— ASSIGNED TASK —
The reply should be one number: how many lines of the data below contain "Free".

— INPUT FOR THIS TASK —

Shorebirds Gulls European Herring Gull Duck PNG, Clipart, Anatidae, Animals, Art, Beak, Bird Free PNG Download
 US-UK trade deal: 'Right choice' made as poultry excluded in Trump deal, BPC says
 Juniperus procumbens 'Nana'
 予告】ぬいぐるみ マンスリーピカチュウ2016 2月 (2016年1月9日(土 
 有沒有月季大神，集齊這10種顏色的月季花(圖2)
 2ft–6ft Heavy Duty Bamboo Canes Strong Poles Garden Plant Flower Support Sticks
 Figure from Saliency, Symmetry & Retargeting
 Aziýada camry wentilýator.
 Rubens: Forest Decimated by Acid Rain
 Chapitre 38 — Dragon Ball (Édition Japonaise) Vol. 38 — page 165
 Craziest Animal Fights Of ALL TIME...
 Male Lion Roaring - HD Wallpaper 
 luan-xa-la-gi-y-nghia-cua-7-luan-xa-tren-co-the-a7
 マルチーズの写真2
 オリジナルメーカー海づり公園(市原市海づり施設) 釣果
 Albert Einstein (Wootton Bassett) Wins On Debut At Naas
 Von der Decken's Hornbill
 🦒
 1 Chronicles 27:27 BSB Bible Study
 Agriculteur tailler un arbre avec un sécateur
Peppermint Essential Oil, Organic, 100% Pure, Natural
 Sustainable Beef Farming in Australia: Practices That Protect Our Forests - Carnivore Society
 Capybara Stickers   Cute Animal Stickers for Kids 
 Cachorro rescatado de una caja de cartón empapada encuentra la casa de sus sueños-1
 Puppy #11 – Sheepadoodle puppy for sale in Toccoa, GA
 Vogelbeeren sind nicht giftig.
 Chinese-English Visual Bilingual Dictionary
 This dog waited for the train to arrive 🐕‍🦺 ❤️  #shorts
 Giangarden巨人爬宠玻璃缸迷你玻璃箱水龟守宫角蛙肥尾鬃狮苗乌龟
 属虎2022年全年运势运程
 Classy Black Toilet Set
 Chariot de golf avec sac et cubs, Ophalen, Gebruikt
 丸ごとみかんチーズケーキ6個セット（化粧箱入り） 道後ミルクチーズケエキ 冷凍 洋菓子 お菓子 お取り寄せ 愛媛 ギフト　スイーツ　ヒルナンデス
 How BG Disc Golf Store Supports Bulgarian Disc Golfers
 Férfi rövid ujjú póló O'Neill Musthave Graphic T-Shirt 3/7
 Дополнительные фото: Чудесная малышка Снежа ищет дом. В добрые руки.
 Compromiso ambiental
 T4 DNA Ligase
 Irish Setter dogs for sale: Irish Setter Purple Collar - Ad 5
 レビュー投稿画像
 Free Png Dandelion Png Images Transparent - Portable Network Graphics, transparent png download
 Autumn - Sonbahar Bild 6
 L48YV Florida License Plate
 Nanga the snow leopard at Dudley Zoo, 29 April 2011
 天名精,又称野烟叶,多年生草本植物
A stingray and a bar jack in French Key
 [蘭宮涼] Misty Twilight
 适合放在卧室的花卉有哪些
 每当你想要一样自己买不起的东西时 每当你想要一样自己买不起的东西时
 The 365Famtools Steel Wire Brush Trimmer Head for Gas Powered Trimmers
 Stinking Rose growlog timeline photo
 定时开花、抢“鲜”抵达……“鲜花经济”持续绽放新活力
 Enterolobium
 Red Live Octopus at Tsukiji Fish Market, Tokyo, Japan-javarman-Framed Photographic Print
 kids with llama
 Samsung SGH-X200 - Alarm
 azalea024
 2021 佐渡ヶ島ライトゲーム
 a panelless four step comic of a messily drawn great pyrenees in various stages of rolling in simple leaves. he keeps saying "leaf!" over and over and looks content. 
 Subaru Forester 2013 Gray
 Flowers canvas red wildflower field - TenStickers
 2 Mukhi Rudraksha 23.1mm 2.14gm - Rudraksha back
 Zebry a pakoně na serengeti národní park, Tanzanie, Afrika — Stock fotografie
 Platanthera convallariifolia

— ANSWER SECTION —
2